The amount credited to Great Britain includes the tin produced in that country from imported Australian ores. The product of Bolivia or Upper Peru, known as Peruvian tin, was estimated in 1868 by English authorities at 1,500 tons; but it is probably much less at present, since no account is taken of it in the trade reports. Saxony and Bohemia produce an insignificant quantity, not more than 200 or 300 tons in all; and Spain yields still less. - In the tin mines of Cornwall the ore occurs in small strata, veins, or masses (" tin floors "); in congeries of small veins; in large veins; and disseminated in alluvial deposits. The congeries or networks of small veins (Stockicerke of the Germans) occur in granite and "elvan" (feld-spathic porphyry). The large metalliferous veins are grouped in three districts: the S. W. part of Cornwall, beyond Truro; the neighborhood of St. Austell; and the neighborhood of Dartmouth, in Devonshire. The first is the richest and best explored. The tin veins belong to different systems, having nearly the same general course, but differing in dip.

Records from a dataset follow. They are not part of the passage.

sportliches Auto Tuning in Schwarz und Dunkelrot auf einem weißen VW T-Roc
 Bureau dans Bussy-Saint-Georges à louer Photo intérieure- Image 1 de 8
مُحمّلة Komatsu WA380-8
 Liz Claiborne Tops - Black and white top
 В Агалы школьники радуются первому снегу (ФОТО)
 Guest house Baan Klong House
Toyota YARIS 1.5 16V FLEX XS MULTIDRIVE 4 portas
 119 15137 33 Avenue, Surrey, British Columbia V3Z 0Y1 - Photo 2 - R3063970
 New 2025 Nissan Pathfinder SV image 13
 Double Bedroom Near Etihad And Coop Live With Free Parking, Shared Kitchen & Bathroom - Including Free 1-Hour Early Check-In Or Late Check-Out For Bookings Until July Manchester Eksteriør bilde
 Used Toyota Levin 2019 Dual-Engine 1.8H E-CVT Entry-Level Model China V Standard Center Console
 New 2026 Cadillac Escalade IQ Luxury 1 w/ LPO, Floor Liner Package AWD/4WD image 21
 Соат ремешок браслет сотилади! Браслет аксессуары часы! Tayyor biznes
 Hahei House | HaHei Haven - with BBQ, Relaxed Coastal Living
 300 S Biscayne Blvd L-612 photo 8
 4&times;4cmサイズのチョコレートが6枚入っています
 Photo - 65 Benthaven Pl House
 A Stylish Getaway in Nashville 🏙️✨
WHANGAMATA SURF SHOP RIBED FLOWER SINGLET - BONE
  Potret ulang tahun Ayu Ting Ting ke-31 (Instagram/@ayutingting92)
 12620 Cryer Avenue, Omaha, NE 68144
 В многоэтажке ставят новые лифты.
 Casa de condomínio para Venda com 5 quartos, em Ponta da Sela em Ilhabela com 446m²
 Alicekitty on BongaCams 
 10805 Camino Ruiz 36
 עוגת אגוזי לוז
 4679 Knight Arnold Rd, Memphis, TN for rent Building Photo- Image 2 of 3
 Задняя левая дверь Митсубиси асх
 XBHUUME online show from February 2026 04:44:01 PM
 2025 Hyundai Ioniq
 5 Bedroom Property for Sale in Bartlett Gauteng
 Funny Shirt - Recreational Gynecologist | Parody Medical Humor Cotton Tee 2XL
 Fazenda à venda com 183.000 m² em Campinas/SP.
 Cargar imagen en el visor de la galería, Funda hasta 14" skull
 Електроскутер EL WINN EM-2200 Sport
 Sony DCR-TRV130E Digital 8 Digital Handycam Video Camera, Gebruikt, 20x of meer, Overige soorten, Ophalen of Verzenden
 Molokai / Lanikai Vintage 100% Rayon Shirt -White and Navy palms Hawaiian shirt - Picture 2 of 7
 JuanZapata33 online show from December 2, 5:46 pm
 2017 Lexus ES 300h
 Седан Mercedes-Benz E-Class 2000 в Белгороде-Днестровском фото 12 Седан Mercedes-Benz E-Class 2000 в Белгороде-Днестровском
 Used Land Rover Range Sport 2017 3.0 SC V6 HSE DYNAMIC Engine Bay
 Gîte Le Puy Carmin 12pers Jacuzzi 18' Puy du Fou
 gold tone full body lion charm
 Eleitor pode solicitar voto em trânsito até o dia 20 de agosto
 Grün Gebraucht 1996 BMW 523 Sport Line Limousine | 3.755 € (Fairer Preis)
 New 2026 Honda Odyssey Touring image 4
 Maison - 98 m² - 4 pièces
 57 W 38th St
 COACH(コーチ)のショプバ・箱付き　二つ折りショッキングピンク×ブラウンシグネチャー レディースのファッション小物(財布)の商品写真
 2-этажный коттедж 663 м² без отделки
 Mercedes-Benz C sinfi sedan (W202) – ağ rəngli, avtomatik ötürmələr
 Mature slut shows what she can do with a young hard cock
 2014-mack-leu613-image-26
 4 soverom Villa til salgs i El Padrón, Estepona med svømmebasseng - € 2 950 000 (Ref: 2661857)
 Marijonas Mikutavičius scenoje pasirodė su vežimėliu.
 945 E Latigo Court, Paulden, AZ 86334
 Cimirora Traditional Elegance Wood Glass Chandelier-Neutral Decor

It was formerly thought that tin occurred in the upper portions of the lodes only, and the appearance of copper pyrites in depth was considered to be a sign that the tin ore had been "cut out;" but more recently tin ore has been found at great depths and below the copper. Thus the Dolcoath mine was worked first as a tin mine for a very long period; then as a copper mine for half a century; and finally again, at still greater depth, and with considerable profit, as a tin mine. Alluvial tin ore or stream tin deposits occur on the hillsides and in the valleys, and furnished for centuries the whole of the Cornish tin. The largest works of this kind are around St. Just and St. Austell. Many of the Cornish mines have been unprofitable since 1872, on account of the great fall in prices resulting from the influx of Australian ore and metal. The mines in the East Indies might perhaps have brought about this revulsion still earlier, since they were capable of producing tin very cheaply; but the supply from that source was limited at the will of the governmental authorities, so as to divide the market with Cornwall, on terms which left some profit to the Cornish mines.

One authority estimates the product in 1868 at 7,200 tons for Great Britain, and 7,500 tons for southern Asia and India. According to a recent writer (Berg- und Huttenmannisclie Zei-tung, 1875), the total product of tin in the world about 1870 was something over 11,000 tons annually, of which 6,000 tons came from Cornwall and 4,000 tons from Asia. (This estimate for Asia is apparently too low.) But since that time, and especially since 1872, a very extraordinary development of tin mining in Australia has revolutionized the market. - The Australian tin-ore deposits thus far known occur in the region of the Cordilleras, in Victoria, New South Wales, and Queensland. In Victoria the older outcropping rocks are predominantly Silurian, and tin, ore is found in small quantity in alluvial deposits, but hitherto not in veins. In New South Wales and Queensland there is a greater quantity and variety of exposed rock formations, and among them granites, porphyries, and metamorphic schists, with which the tin ore is associated. In a portion of New South Wales it appears connected with more recent eruptive rocks.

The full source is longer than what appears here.